Memo to Labour: Less bitching, more listening

There are times when I question why I’m even in the Labour party*.

Not because of our leader, who I support, or based on policies which I broadly agree with (no person could or should ever support 100% of a manifesto, unless they are a party of one).

It is the sheer sense of entitlement that emanates from every faction within.

You only need to look at the reactionary comments to Ed Balls’ speech to the Fabians to see this in all it’s glory.

If we are a party of all – which I think we are – why are we incapable of having a grown-up discussion about anything? Why do we immediately go to the default bag of tricks, muttering “sell-out” or “Tory”; “sack the leader” or “___ for leader”? It isn’t a competition, to see which pseudo-intellectual bollocks wins the idealogical-battle-of-the-week award.
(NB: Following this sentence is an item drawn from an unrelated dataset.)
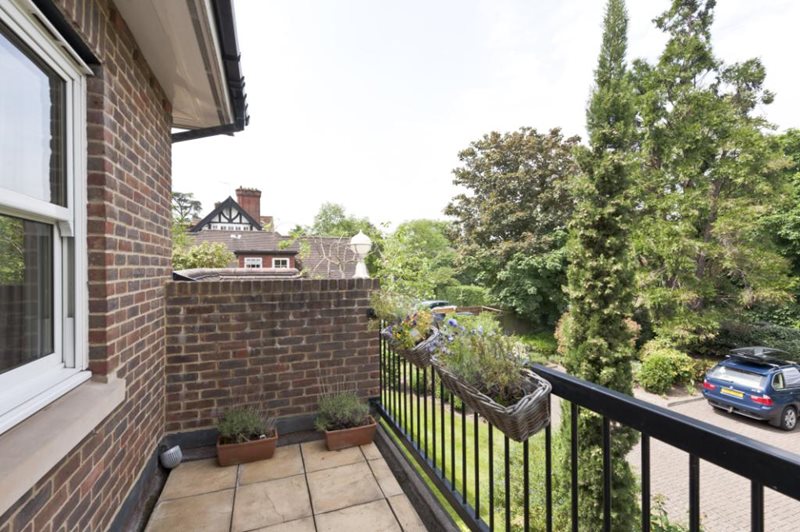 Tudor Grange, 83 Oatlands Drive, Weybridge, KT13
Because the world outside of the activist bubble? Where people don’t really give a toss about which little nook of the big red canvas you’ve carved for yourself? Want answers.

And here’s a little secret for you – they can deal with tough answers. They aren’t children, like us; they appreciate facts and figures and the truth.

So, if we say to them Osborne’s plans are so bad that the economy will be awful in 2015? They’ll get it.

And if we say we will spend the next three years doing our best to get them to change course so this damage is limited? They’ll get it.

And if, at the end of all this, they elect us? When we say “we can fix this, but not this”, they will get it.

In fact, the only people that don’t seem to get this pragmatic, realistic telling of what has to be is … well … the Labour party.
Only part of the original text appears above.